Last month I shared with you five tips for improving your writing for the web.
Since continuing to hone your craft and learn how to write better for the web will likely result in higher pay, I thought it’d be helpful to share five more ways to improve your writing for the web. The goal is to get more, higher paying clients, is it not?
If you’re nodding your head and following along, let’s help you to get just a little bit better today and knock your editor’s socks off with your next submission. Ready?
1. Use a Pin-Worthy Image
I would argue that virtually all blog posts are better off with at least one image. Images are great for cluing the reader in on what you’re about to talk about. They can also serve as an attention grabbing mechanism when sharing your post on social media. We want people to read, right?
One of the most powerful social media platforms at the moment for blogging is Pinterest. This doesn’t register with a lot of people, as Pinterest is traditionally thought of as a DIY, recipe or crafting place. You only go there to find hairstyle inspiration or a theme for your four year old’s birthday party, right?
Wrong! It turns out that Pinterest is a great medium for sharing blog posts and articles. But you can’t pin a post without an image. Let’s take it a step farther. You shouldn’t pin a post, without a killer image and caption.
Check out the image for this post and copy the style if you don’t know where to start. I traditionally use Compfight for all of my photo sourcing needs and PicMonkey for edit/adding text. Both are free (unless you upgrade to a premium option). Just make sure to search for Creative Commons Licensed photos and credit appropriately.
2. Hook Your Audience
Remember when we talked about how sentences, paragraphs and words should be short? We also talked about how paragraphs should traditionally be 2-5 sentences long. When is it okay to use a one-sentence paragraph?
You should only be using one-sentence paragraphs when you want to make a statement or call attention to a specific point. I like to start my posts off using a single-sentence paragraph a lot of times (see above). It can be a great way to “hook” your reader into learning more.
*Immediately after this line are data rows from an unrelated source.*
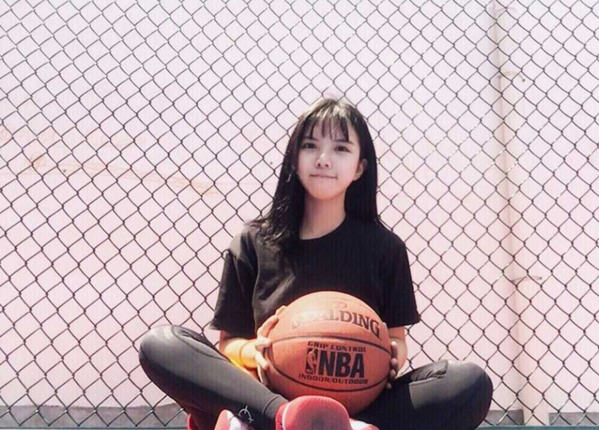 梦中的篮球女神是这样的吗？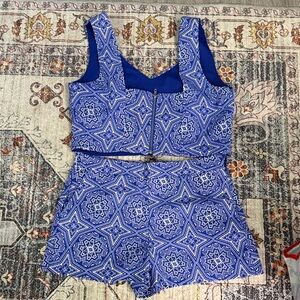 Forever 21 Blue Geometric Crop Top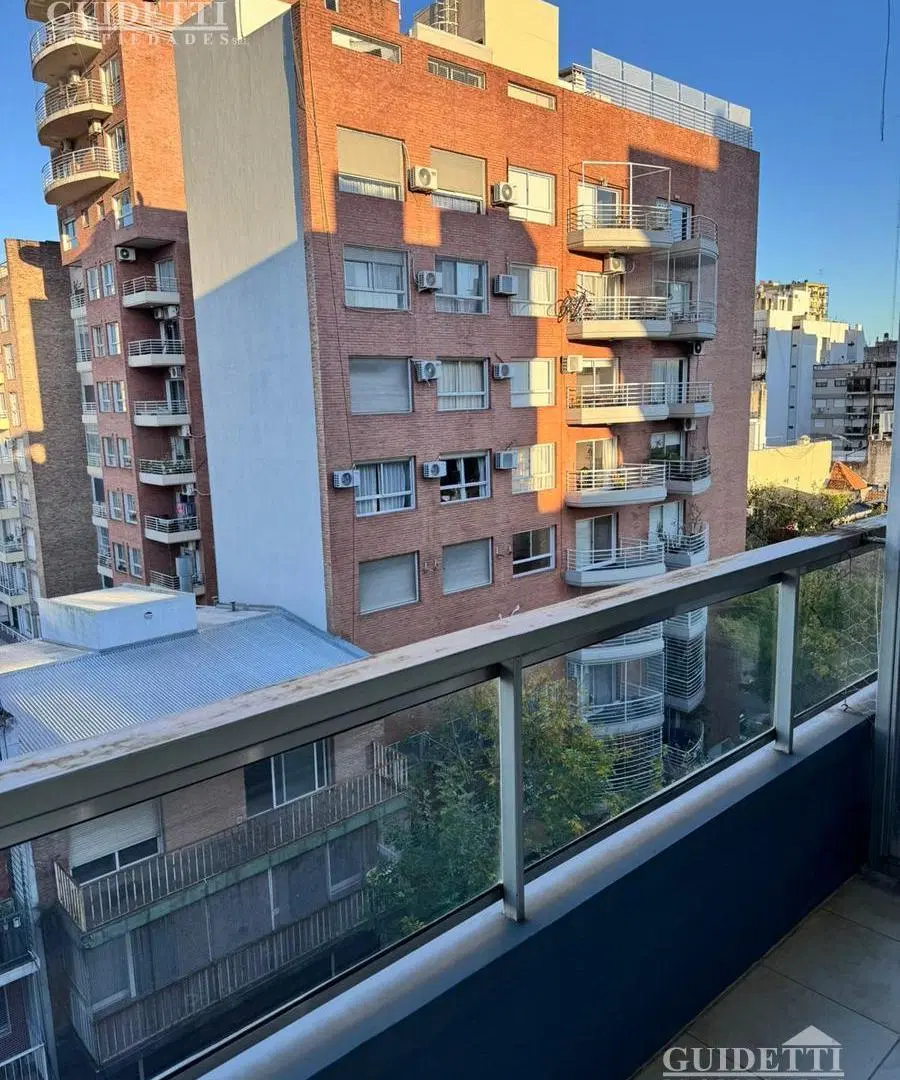 Espectacular Monoambiente, muy bien ubicado!!! APTO PROFESIONAL!! 2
The sentence can be a statement or a question. Or you could make it a two or three sentence paragraph with multiple points and/or questions. You probably don’t want it to be much longer than that. Your introduction, on the other hand, can have a few paragraphs that make it up as a whole.
What can you say to hook your audience? Ask them a question to pique their interest. Make a bold or controversial statement that someone wouldn’t traditionally agree with. Say something that the reader can’t ignore, but rather wants to learn more about. Just don’t forget that you have to back it up with the rest of your text!
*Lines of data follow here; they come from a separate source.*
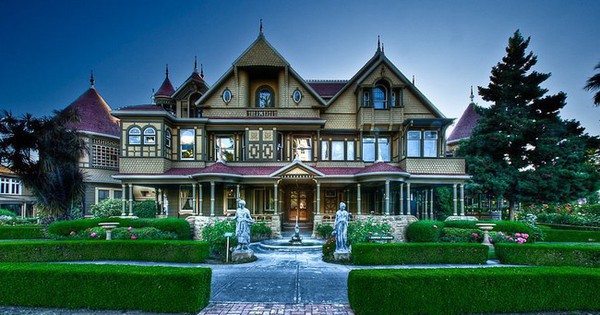 Những bí mật kinh hoàng về "ngôi nhà kỳ lạ nhất từng được xây dựng" có hơn 200 phòng, 10.000 cửa sổ và 2.000 cửa ra vào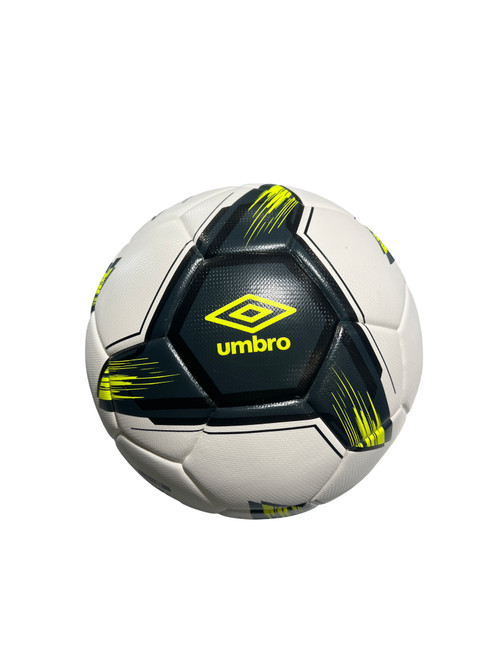 Vist Large View of Product Image Which is Used Umbro BALL All Size Soccer Ball White 5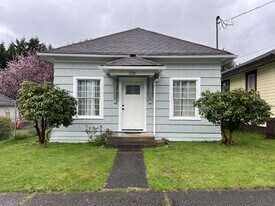 318 11th St in Raymond, WA - Building Photo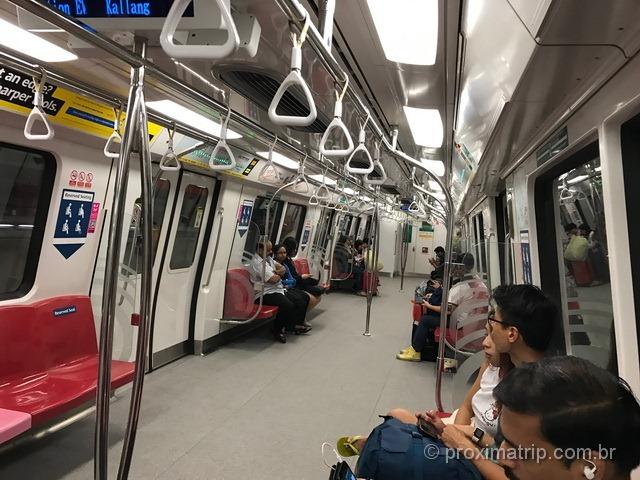 metrô em Cingapura, limpo e moderno!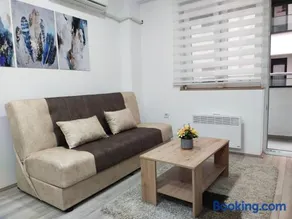Garden Hill Apartment - Image 3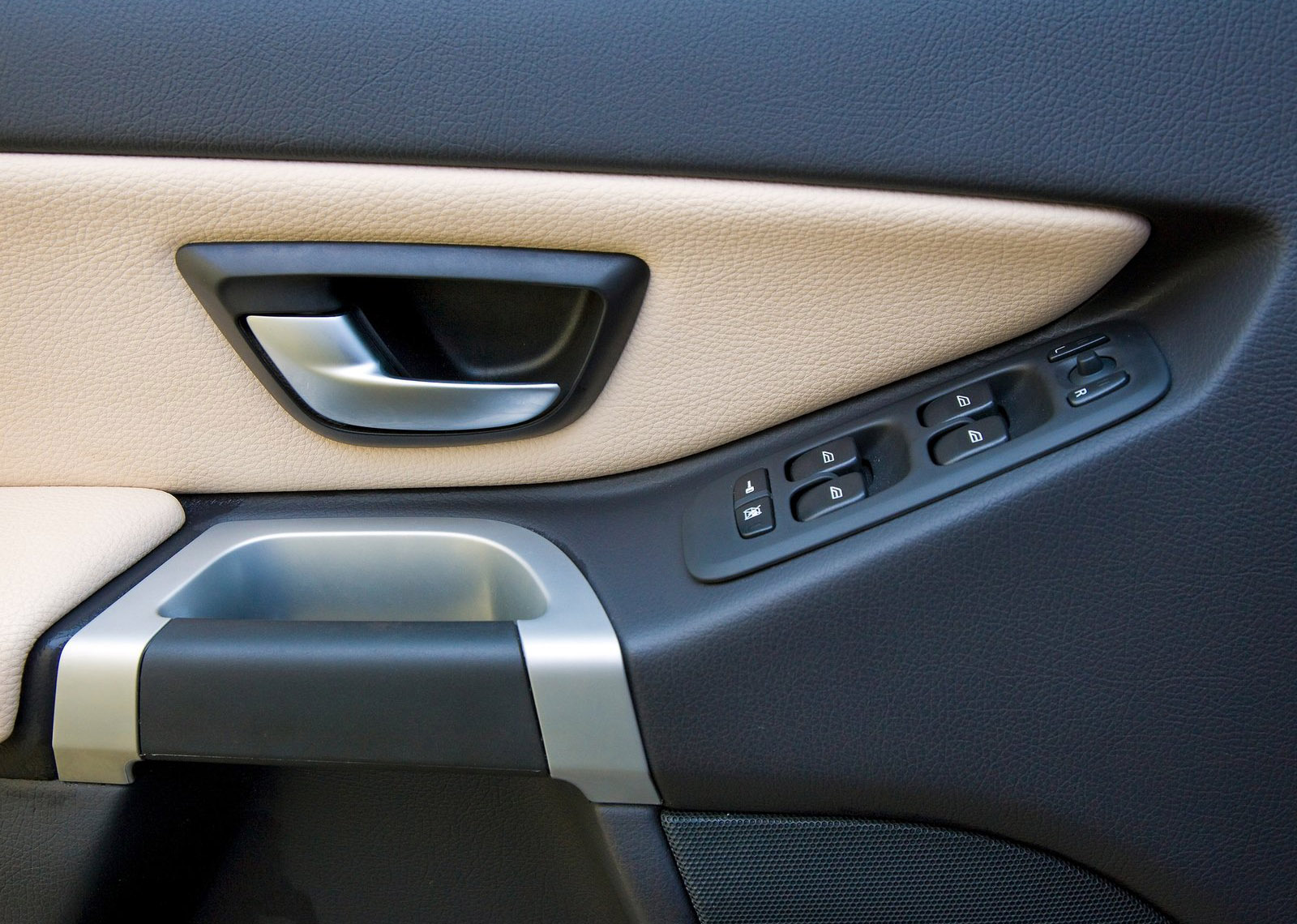 Volvo XC90 photo #28
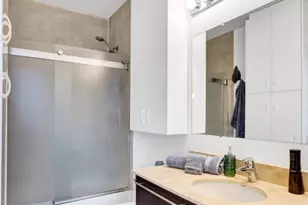 1900 N Bayshore Dr, Miami, FL 33132 - Photo 14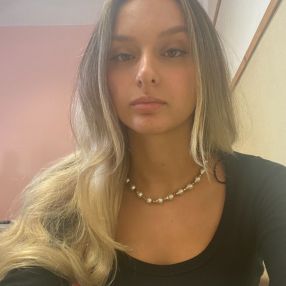 Valentina, Babysitter a Lonigo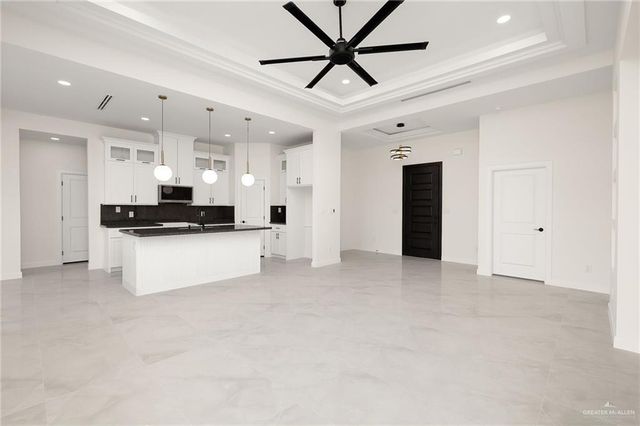 813 N Buxton Avenue, Edinburg, TX 78541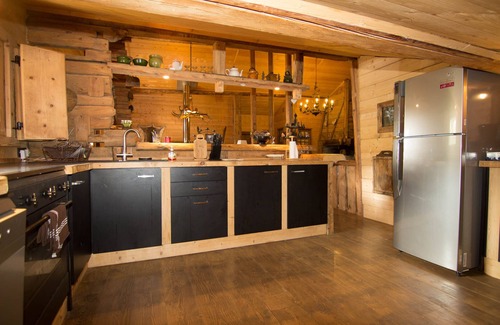 Notre-Dame-de-Bellecombe Ski Chalet | Luxury Mountain Chalet in Unique Setting 15 minutes from Megeve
3. Connect Emotionally with Your Readers
This continues our points from above. Now that you’ve got the reader’s attention, you need to find out how to connect with them emotionally. Doing so, will increase the chances they’ll stay with you for the rest of the post and/or read on to see more of your work.
How do you do this? By helping them to solve a problem that they currently have, helping them to conquer a fear or instruct them how to acquire something they’ve been longing for.
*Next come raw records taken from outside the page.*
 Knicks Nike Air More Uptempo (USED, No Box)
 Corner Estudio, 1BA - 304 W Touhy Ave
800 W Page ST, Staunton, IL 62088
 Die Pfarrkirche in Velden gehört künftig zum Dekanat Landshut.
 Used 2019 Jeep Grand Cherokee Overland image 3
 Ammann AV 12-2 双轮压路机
In this post, it’s my goal to solve your problems of getting higher paying clients by increasing your writing abilities. By working on your skills, you can also become more self-confident and hopefully conquer some of the fear of putting yourself out there. How am I doing?
4. Summarize with a Powerful Conclusion
[Tweet “Either write something worth reading or do something worth writing.”]
You need to have a conclusion for each post. It’s not enough to have a strong hook/paragraph and back up the points in your body with great information. If you haven’t summarized what your reader just read or learned, you’ve failed. Don’t worry it’s not that dramatic or hard to fix.
It can be as easy, as adding a “In Conclusion” subhead and summarizing the content of your post in one or two paragraphs. You don’t want to say the same thing that you’ve said above verbatim, but rather highlight the problem (or topic), the pain behind the problem and how you’ve offered to solve it.
Bring your audience full circle with your conclusion and they’ll be thankful you did. It helps to get what they just read to stick better too!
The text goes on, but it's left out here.